Religion and the law - 04/15/2004
"Religion [is] the basis and Foundation of Government."
- James Madison, known as the 'Chief Architect of the Constitution'
This is not in the constitution and never should be. Government can exist without religion quite nicely and so it should. The separation of Church and State is continually put to the test in the courts and the Church continuously loses. Religion has no place in government, in fact religion should stay as far away from government as possible if we as a country are to continue to enjoy the freedom guaranteed in the constitution. When will those people realize the breaking down of the walls between church and state would lead to such untold violence and loss of personal freedoms?
Thanks for reading
CONTENDER MINISTRIES RESPONSE:
Hi Rob. Thanks for writing to us. You're right that James Madison's statement is not in the constitution. We never claimed it was. It IS important to understand the attitudes and opinions of the constitution's framers, though. They were not anti-religion, as activist judges and you seem to be. You mentioned "separation of Church and State." That's not in the constitution either. The first amendment contains an establishment clause, "Congress shall make no law respecting an establishment of religion," and a free exercise clause, "or prohibiting the free exercise thereof..." when it comes to religion. It makes no mention of a "wall of separation." Thomas Jefferson coined that term to let the Danbury Baptist Association know that the government would not meddle in church affairs.

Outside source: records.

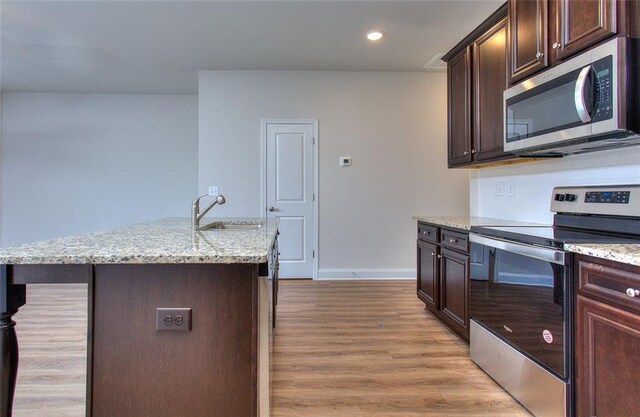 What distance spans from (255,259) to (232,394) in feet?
1.65

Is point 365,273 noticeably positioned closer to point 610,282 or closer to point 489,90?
point 489,90

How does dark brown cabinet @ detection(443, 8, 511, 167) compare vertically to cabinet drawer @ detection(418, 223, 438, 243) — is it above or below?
above

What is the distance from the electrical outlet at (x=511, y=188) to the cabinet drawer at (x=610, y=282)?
1.30 m

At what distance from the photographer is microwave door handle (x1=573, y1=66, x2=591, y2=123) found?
60.4 inches

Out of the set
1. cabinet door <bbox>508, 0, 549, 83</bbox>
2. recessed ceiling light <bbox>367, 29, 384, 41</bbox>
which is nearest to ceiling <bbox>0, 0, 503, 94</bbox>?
recessed ceiling light <bbox>367, 29, 384, 41</bbox>

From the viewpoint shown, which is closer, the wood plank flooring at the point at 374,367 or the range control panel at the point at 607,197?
the range control panel at the point at 607,197

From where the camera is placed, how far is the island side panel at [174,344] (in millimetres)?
1183

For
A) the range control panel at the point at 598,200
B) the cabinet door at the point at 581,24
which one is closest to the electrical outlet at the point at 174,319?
the range control panel at the point at 598,200

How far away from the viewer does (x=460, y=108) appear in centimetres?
283

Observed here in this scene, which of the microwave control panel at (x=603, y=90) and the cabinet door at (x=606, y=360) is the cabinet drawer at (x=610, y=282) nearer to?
the cabinet door at (x=606, y=360)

You said "Church continuously loses" in courts. Well, first let me say I'm not sure what you mean by "Church." What court cases are you referring to? If you're referring to religious liberties in general, then you're partly right. There have been several cases in the last few years when activist judges have denied people the religious freedoms granted to them by the constitution. Yet the courts have also upheld religious freedom over its attackers in recent cases. We track these things, and we can cite you cases if you wish.
Your last sentence really has me perplexed. First, what walls between church and state do you wish to protect? Secondly, what "untold violence and loss of personal freedoms" do you fear? Finally, on what do you base that fear? How likely is that outcome? I think your fears are unfounded. The same people who granted us individual freedoms by drafting our constitution and bill of rights were overwhelmingly men of faith. Their faith played a large role in how they drafted our constitution. We can all thank men of faith for guaranteeing us the freedoms we enjoy. It sounds to me like you view the constitutional freedoms of secularists as more important than those of people of faith. Is that so? I hope not.